## WORK TO BE COMPLETED
The answer should be an exact copy of the lines from the one with "CVICU Cardiac Nurse" through the end of the listing below, with no other lines.

## DATA TO EXAMINE
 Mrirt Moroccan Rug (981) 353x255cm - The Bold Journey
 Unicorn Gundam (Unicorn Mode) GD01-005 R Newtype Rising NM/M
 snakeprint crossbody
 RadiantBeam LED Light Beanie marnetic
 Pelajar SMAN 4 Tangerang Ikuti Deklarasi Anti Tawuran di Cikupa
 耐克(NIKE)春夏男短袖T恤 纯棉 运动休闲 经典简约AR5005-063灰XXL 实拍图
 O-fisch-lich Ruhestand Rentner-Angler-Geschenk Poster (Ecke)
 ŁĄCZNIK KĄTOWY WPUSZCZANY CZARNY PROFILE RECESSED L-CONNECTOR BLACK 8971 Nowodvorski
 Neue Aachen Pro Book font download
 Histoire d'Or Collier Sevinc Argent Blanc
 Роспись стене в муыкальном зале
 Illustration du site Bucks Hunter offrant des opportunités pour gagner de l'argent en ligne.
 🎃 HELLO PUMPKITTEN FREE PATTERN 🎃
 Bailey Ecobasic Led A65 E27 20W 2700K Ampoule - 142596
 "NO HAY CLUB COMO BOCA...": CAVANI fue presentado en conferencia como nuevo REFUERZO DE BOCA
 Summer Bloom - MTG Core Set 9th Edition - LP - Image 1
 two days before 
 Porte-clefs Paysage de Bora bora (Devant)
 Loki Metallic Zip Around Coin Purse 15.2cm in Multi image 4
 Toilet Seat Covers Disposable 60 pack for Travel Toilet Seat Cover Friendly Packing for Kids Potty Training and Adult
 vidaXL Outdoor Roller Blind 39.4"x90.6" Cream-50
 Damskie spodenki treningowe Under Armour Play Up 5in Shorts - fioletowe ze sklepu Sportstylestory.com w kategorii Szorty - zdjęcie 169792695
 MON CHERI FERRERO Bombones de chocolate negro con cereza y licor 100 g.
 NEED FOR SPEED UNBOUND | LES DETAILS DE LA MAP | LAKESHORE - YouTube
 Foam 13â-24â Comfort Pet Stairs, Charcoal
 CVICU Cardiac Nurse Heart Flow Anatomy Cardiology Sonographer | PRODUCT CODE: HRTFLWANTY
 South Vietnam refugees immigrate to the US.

## SOLUTION TO THIS EXERCISE
 CVICU Cardiac Nurse Heart Flow Anatomy Cardiology Sonographer | PRODUCT CODE: HRTFLWANTY
 South Vietnam refugees immigrate to the US.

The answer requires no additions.